Meter: The relationship of stressed and unstressed syllables in a line
1. Iambic Foot two syllables: second one stressed for-bíd
2. Trochaic Foot two syllables:first one stressed pó-et
3. Anapestic Foot three syllables:third one stressed On a cóld
4. Dactylic Foot three syllables:first one stressed cát-a-pult
5. Spondee two syllables:both stressed vást weíght
Once you've established the basic pattern, you can determine how many feet there are in a line. The most common poetic pattern in English is iambic pentameter (or five feet per line).
A line of poetry is either end-stopped (the idea is complete and the line ends in punctuation) or characterized by enjambment (the idea continues on to the next line without a syntactical break. Sometimes called a run-on line.) A ceasura is a slight pause within a line.
Common Sound Techniques: onomatopoeia, alliteration, assonance, consonance, rhyme.

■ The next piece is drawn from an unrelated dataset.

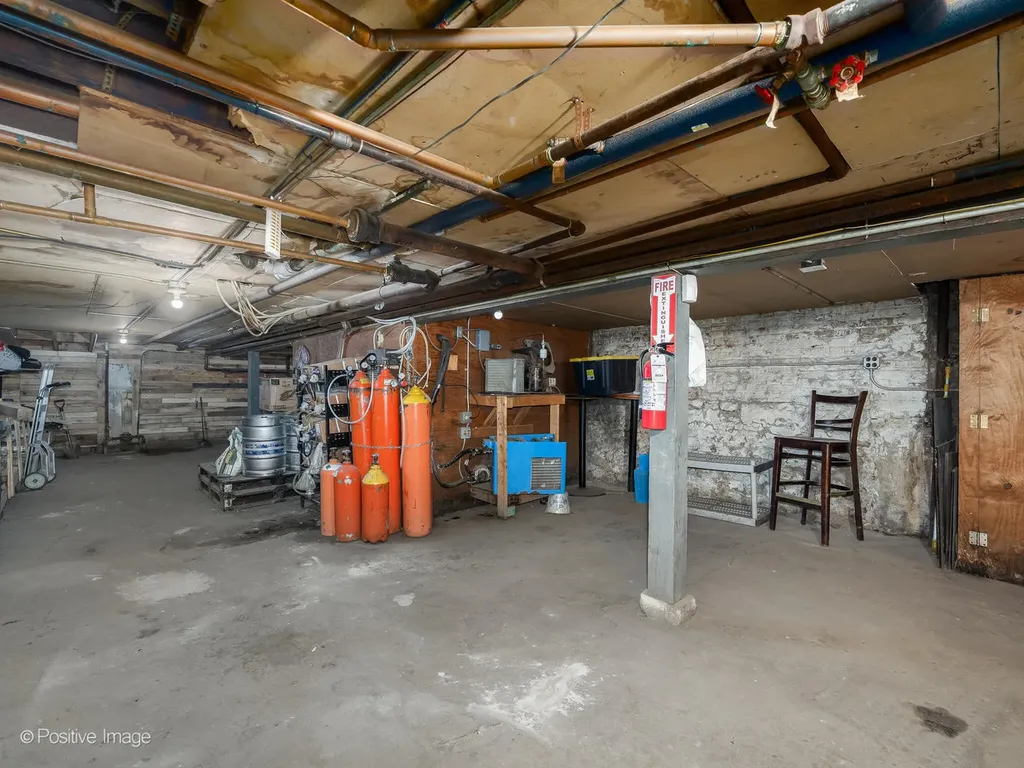 3243 North Western Avenue Chicago IL 60618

Rhyme: A similarity or correspondence is the vowel sounds of two words that have differing consonant sounds. "End-rhyme" is the most common use of rhyme. A distribution of end-rhymes in a poem is often linked to common formal structures. Iambic Pentameter with no end-rhymes is call "Blank Verse" (what Shakespeare used in his plays).
Structure: Structural analysis of the poem helps us to see how the
rhythm an sound elements in a poem are linked. Poetry follows special structural
Stanza: Functions much as a paragraph does in prose. Stanza length for many English poems is either four lines (a quatrain) or eight lines. (Iambic pentameter, rhyme pattern abababcc, is called "ottava rima." In free verse the stanza is sometimes called the "verse paragraph."

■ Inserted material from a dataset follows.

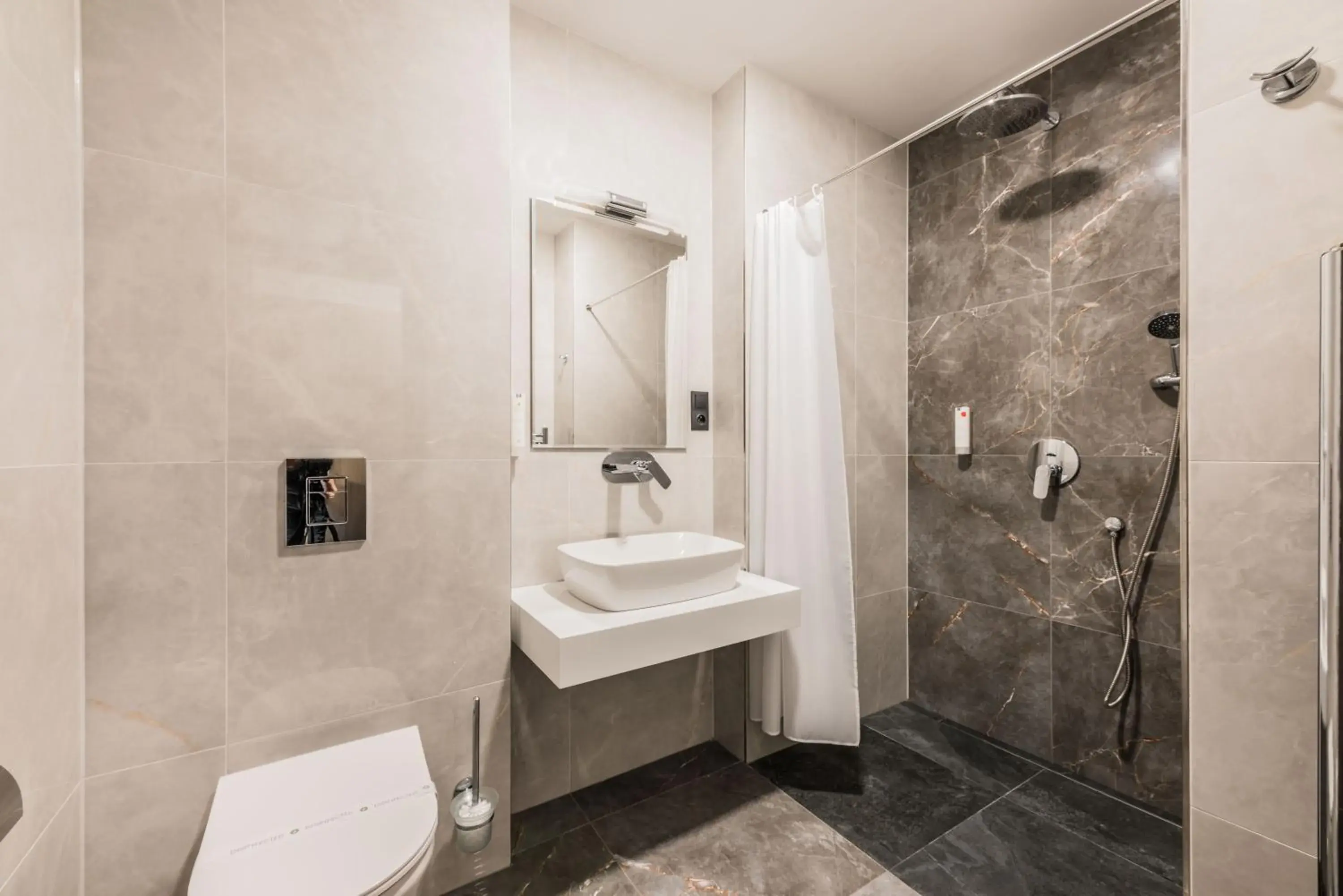 Triple Room in Hotel Glamour Triple Room in Hotel Glamour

Free Verse: No strict adherence to metrical patterns and fixed line lengths or stanza structure.
Sonnet: Fourteen lines, iambic pentameter. Shakespearean sonnet has rhyme pattern abab/cdcd/efef/gg (contains three quatrains and a couplet); Petrarchan sonnet has rhyme pattern abbaabba/cdecde (contains an octet and a sestet).

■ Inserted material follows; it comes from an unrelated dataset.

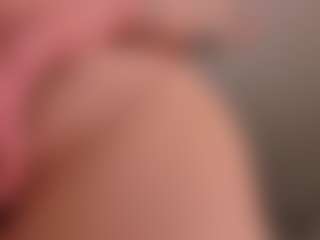 bigclitti's Live Sex Cam Show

Couplet: A stanza of two lines (often with end rhymes). A heroic couplet rhymes and contains a complete thought (second line is end-stopped).
Triplet or tercet: A three line stanza usually with one rhyme, often the first and third lines (called terza rima when pattern is aba/bcb/cdc/dcd, etc.)
Villanelle: An elaborate French form sometimes used in English: Five tercets (first and third lines rhyme) and final quatrain (first, third, and fourth lines rhyme with first and third lines of tercets, second line rhymes with middle of tercets); First line of poem is the last line of the second and fourth tercets, and third line is last line of third and fifth, and they reappear as last two lines of final stanza.
Narrative Poetry tells a story.
Lyric Poetry captures and conveys emotions, feelings, sensroy impressions, reflections, or thoughts.
Special Kinds of Lyrics
Elegy: A contemplative poem that mourns or laments a death or passing (as an adjective to describe the tone of a piece: "elegaic.")
Ode: A long elaborate poem with a noble, lofty theme and an intellectual tone. There are three different types of odes:
Horatian Ode: each stanza follows the same metrical pattern.
Pindaric Ode: divided into three parts, strophe, antistrophe, and epode.
Irregular Ode: stanzas are freely varied in number and lines.